03.md

title: Problem Set 3

(4.1)

{:.question} Verify that the entropy function satisfies the required properties of continuity, non-negativity, monotonicity, and independence.

I will prove these properties for the discrete case.

First, I want to show that \lim_{x \to 0^+} x \log_b x = 0 for any b > 1, since otherwise entropy is not defined for distributions that assign zero probability to any outcome. This can be done using L'Hôpital's Rule.

\begin{align*} \lim_{x \to 0^+} x \log_b x &= \lim_{x \to 0^+} \frac{\log_b x}{x^{-1}} \\ &= \lim_{x \to 0^+} \frac{\frac{d}{d x} \log_b x}{\frac{d}{d x} x^{-1}} \\ &= \lim_{x \to 0^+} \left( \frac{1}{x \ln b} \right) \left( \frac{-1}{x^{-2}} \right) \\ &= \lim_{x \to 0^+} \frac{-x}{\ln b} \\ &= 0 \end{align*}

Continuity

To talk about the continuity of entropy, we need to define a topology for probability distributions. Let \Omega be a set of finite cardinality n. The space of probability distributions over \Omega can be viewed as the set of vectors in \mathbb{R}_{\geq 0}^n with L^1 norm 1. In this way entropy is a function that maps a subset of \mathbb{R}_{\geq 0}^n to \mathbb{R}. So I will prove the continuity of entropy with respect to the topologies of \mathbb{R}_{\geq 0}^n and \mathbb{R}.

First let's show that x \log x is continuous. I take as given that \log(x) is a continuous function on its domain (after all it's the inverse of e^x, which is strictly monotonic and C^\infty). Then x \log(x) is also continuous, since finite products of continuous functions are continuous. This suffices for x > 0. At zero, x \log x is continuous because we have defined it to be equal to the limit we found above.

Thus each term of the entropy function is a continuous function from \mathbb{R}_{\geq 0} to \mathbb{R}. But we can also view each term as a function from \mathbb{R}_{\geq 0}^n to \mathbb{R}. Each one ignores most of its inputs, but this doesn't change its continuity. (The epsilon-delta proof follows easily from the triangle inequality, since the only part of the distance between inputs that matters is that along the active coordinate.) So entropy is a sum of continuous functions, and is thus continuous.

Non-negativity

The probability of each individual outcome must be between zero and one. Thus -p_i \log p_i \geq 0 for all i. Since x \log x is only equal to zero when x is zero or one, the entropy can only be zero when a single outcome has probability one.

Monotonicity

Note that \partial/\partial p_i H(p) = -\log(p_i) - 1 for any i.
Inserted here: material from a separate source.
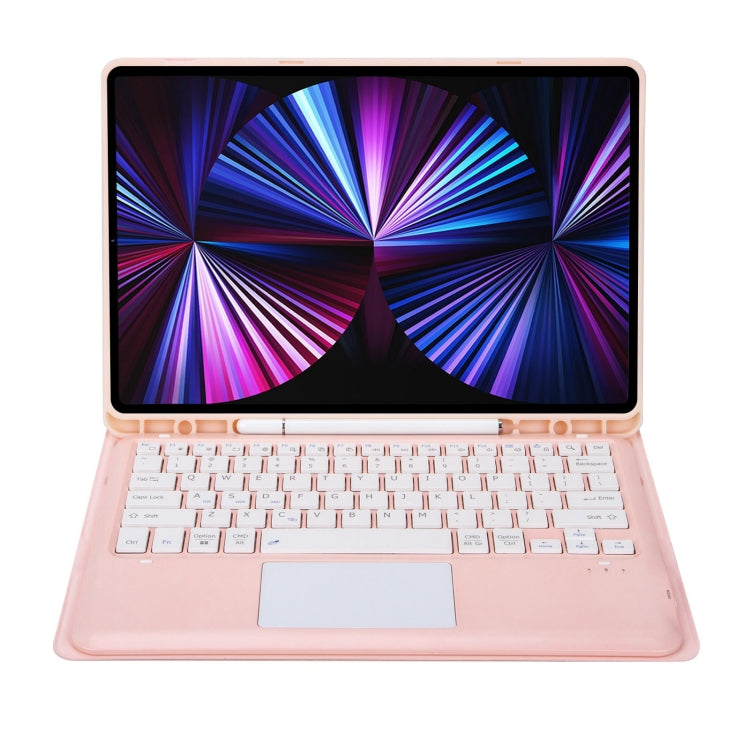 T12B-A Detachable Touch Pad Bluetooth Keyboard Leather Tablet Case For iPad Pro 12.9 inch 2021/2020/2018(Pink) - For iPad Pro by PMC TechLife | Online Shopping South Africa | PMC TechLife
This is a strictly decreasing function, so entropy is strictly concave on all of \mathbb{R}_{\geq 0}^n. The constraint that \sum p_i is one is linear, so entropy is concave on this subset of \mathbb{R}_{\geq 0}^n as well. Thus there is a unique global maximum.

We can locate it using a Lagrange multiplier. Our Lagrange function is

-\sum_{i = 1}^n p_i \log p_i + \lambda \left( \sum_{i = 1}^n p_i - 1 \right)

The partial derivative with respect to any p_i is -\log p_i - 1 + \lambda. Since this depends only on \lambda, it implies that all the p_i must be the same. Taking our constraint into account this means there's only one possibility: p_i = 1/n for all i. This is the maximum entropy distribution that we seek.

Call this distribution p_*. Its entropy is -\sum_{i = 1}^n 1/n \log 1/n = -\log 1/n. Thus

H(p) \leq H(p_*) = - \log \frac{1}{n}

for all probability distributions p over n outcomes. Equality is only achieved for p_* itself, since the maximum is unique. Note that H(p_*) grows without bound as n increases.